The truth is, though, that most of us probably won’t notice the difference. This is steel we’re talking about. Even soft steel is pretty damn hard, and most of us will never use our knives in a way that would make us notice the added toughness between regular steel and cryogenically treated steel. That’s not to say it doesn’t add some life and value to our knives, just that you shouldn’t expect to see the improvement in any immediate sense like you would in a knife that just has a good heat treat and edge geometry in the first place. Those are the kinds of things that will keep a knife cutting paper after a round of ill-advised batoning. Cryogenic treatment is more about longevity than direct performance.

Is It Worth the Money

First off, how much is the cryogenic process even padding the bill?

Bob Beaty told Blade magazine that it doesn’t make knives that much more expensive.

In a perfect world, knife makers cryo treat their steel to get the most out of the steel properties. What’s far more likely is that companies cryo treat large batches of knives to compensate for heat treatments that inevitably suffer from mass production.

In that situation, the treatment probably isn’t affecting the price much if at all. Either the company is sending the blades off to a third party in bulk or doing it themselves in large batches on site.

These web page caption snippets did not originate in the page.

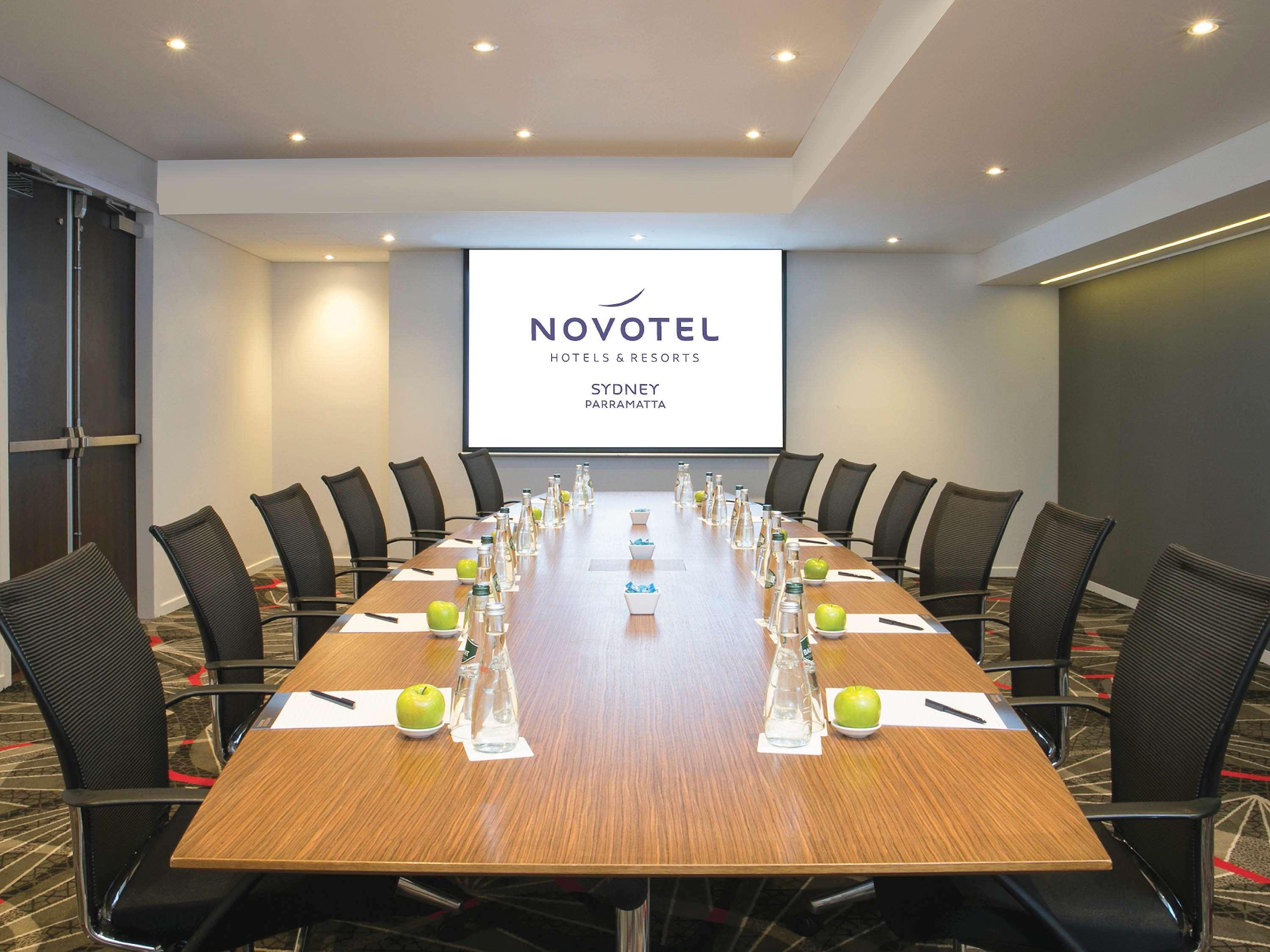 Novotel Sydney Parramatta Zewnętrze zdjęcie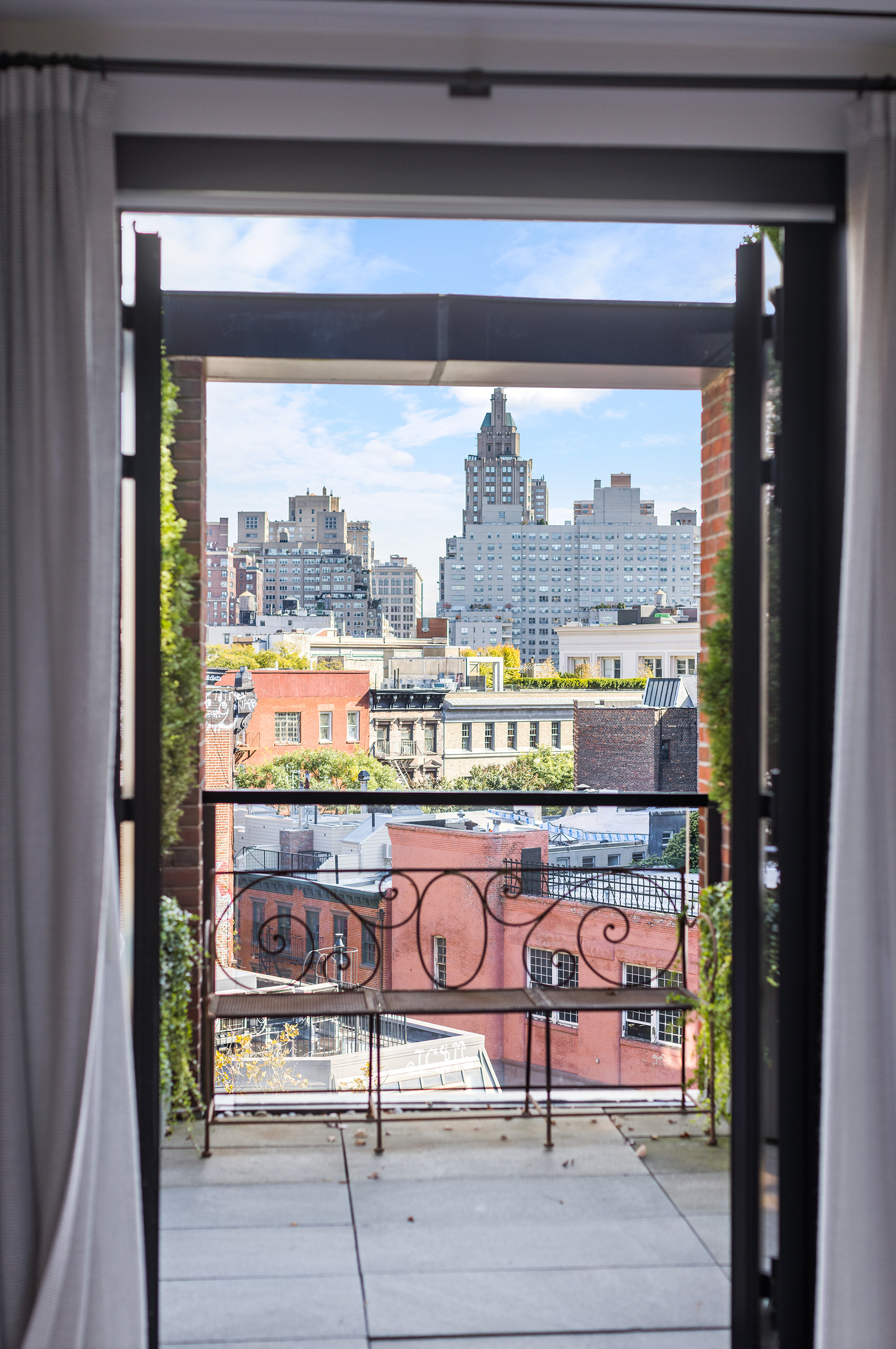 175 West 10th Street, Unit PH Manhattan, NY 10014 - Photo 12 of 31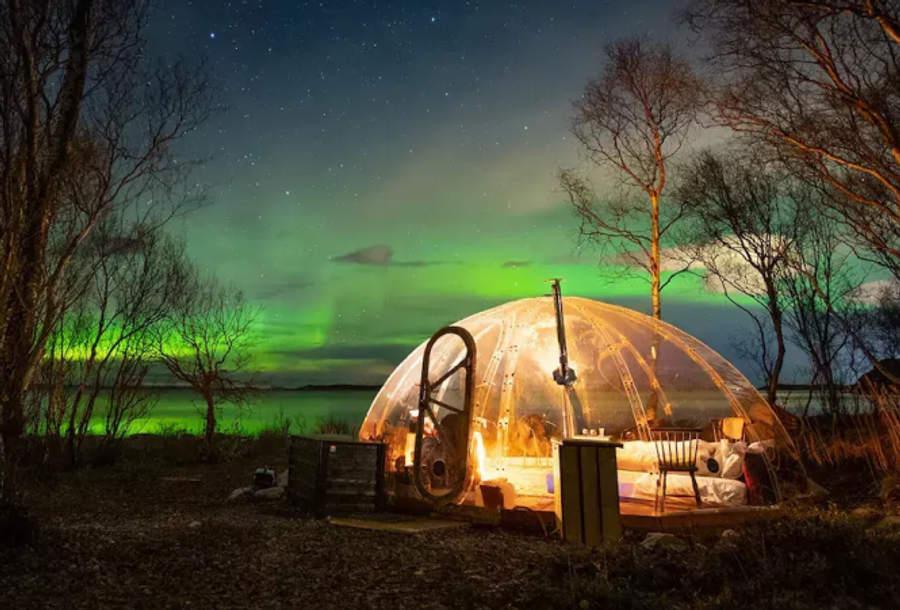 Følvika Eye med Nordlys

The reason the consumer doesn’t feel the additional labor is the same reason the knife ends up affordable in the first place: the wonders of mass production.

We might feel it more from custom knife makers: The guy who makes one to ten knives to order and wants to squeeze as much utility out of the steel after his heat treat. So he either invests in some kind of nitrofreezer to do it himself or sends it to another company to do it

That knife maker will feel the extra steps in his bottom line a lot more than Benchmade or Cold Steel, but if he actually knows what he’s doing whatever small bump in price reflects a knife with steel that has been made about as tough as it’s possible for it to be.

So Who’s Cryo-Treating their Knife Steel

It’s tricky to find out exactly who does cryogenic treating and what they’re doing it to, because most companies don’t go into that much detail about their treatment process. SOG clearly does it on at least some of their knives since they explain the process in their buyer’s guide. Rumor has it Benchmade uses some kind of cryo process, and Spartan Blades touts their “double deep cryo heat treatment” in most of the product descriptions of their Gold Grade knives.

The real answer, though, is probably everyone. It seems to be well enough established as an effective method for improving certain kinds of steel. If you look at cryogenic processing plants you see they have clients across a huge range of industries including aviation and tooling. Most of us are probably commuting or drilling holes with cryo treated steel every day.

If cryo treating is nothing more than a marketing ploy, then it has an enormously wide spread placebo effect. What seems far more likely is that it’s used as a marketing ploy by companies with slipshod heat treatments, while everyone else just does it on their high carbon steels as a regular matter of course, and they expect us to trust them enough to know what they’re doing without explaining every damn step of the process.